Feature|Podcasts|October 31, 2025

The UroOnc Minute: Active Surveillance for Intermediate-risk Prostate Cancer, with Michael Leapman, MD, MHS

Fact checked by: Hannah Clarke

In this episode, Adam Weiner, MD, and Michael Leapman, MD, discuss the current state of active surveillance for intermediate-risk prostate cancer.

In this inaugural episode of The UroOnc Minute from Urology Times, host Adam Weiner, MD, sits down with Michael S. Leapman, MD, MHS, associate professor of urology at Yale School of Medicine, to discuss evolving approaches to active surveillance in prostate cancer, particularly among patients with intermediate-risk disease.

Leapman, a clinician-scientist whose research focuses on health services and prostate cancer management, highlights the shifting landscape of patient selection for active surveillance. As the pool of low-risk cases shrinks due to more selective and precise biopsy practices, a growing proportion of patients fall into the intermediate-risk category—many of whom may safely defer treatment with proper monitoring.

During the conversation, Leapman outlines how he integrates multiple data sources to individualize care, including histologic features such as the percentage of pattern 4 disease, MRI findings, and tissue-based genomic assays like Decipher. He also emphasizes red-flag features such as cribriform or intraductal carcinoma that may warrant a more aggressive approach.

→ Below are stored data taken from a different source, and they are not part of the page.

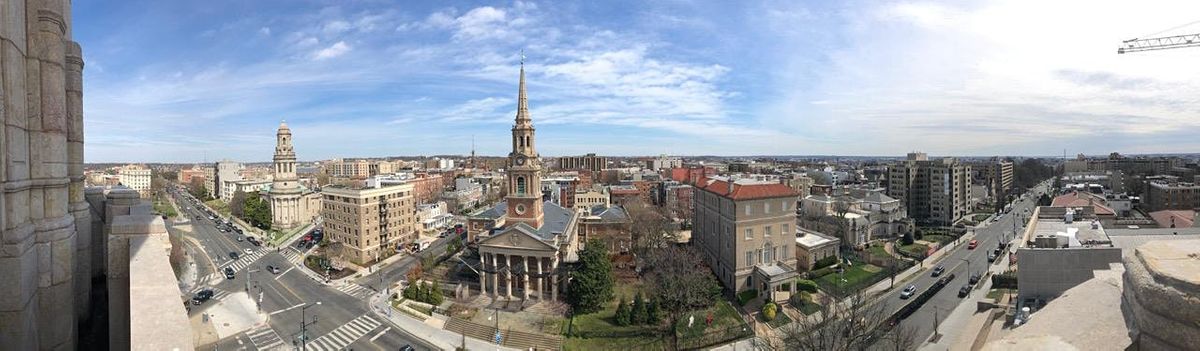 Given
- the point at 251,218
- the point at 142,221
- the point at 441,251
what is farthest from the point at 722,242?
the point at 251,218

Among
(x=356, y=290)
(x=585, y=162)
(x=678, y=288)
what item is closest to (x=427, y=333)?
(x=356, y=290)

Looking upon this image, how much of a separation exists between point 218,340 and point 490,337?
15517 mm

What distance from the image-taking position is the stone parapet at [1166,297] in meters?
3.38

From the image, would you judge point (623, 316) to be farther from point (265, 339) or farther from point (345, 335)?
point (265, 339)

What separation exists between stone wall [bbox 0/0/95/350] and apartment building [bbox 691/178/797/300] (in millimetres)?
33242

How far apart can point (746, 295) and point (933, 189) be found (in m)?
54.3

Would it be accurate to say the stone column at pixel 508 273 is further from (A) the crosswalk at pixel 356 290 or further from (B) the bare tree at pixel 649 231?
(B) the bare tree at pixel 649 231

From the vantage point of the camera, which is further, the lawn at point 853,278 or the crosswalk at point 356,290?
the crosswalk at point 356,290

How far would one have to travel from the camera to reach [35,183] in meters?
6.87

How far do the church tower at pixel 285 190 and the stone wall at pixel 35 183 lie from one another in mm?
64690

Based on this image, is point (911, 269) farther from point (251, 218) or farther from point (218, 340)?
point (251, 218)

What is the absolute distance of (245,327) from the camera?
31.8 metres

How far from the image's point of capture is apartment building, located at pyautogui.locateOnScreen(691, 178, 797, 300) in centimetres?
3600

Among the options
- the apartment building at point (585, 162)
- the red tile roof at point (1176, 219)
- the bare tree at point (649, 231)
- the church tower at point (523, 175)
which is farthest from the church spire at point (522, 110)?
the apartment building at point (585, 162) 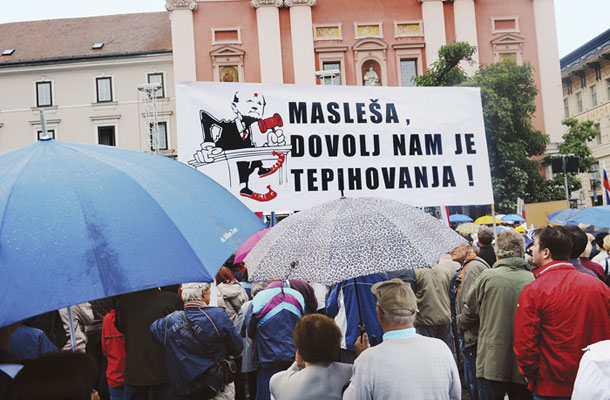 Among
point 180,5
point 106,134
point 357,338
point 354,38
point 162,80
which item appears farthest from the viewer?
point 106,134

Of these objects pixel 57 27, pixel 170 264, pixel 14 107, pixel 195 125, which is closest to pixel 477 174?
pixel 195 125

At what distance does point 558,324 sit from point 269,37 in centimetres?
3432

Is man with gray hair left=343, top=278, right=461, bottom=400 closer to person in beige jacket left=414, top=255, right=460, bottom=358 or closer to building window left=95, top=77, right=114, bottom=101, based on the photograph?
person in beige jacket left=414, top=255, right=460, bottom=358

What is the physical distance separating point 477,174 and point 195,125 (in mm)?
2360

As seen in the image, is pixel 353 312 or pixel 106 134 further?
pixel 106 134

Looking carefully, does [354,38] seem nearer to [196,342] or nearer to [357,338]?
[196,342]

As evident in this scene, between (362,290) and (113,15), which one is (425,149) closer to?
(362,290)

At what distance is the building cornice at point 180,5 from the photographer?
3694 centimetres

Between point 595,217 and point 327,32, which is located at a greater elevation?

Looking ahead, Leapman calls for greater standardization in active surveillance practices, noting substantial national variation in how clinicians monitor intermediate-risk patients. He advocates for clearer guideline frameworks to bring consistency to imaging frequency, biopsy intervals, and biomarker use, which will improve both patient outcomes and clinical confidence in this expanding area of prostate cancer management.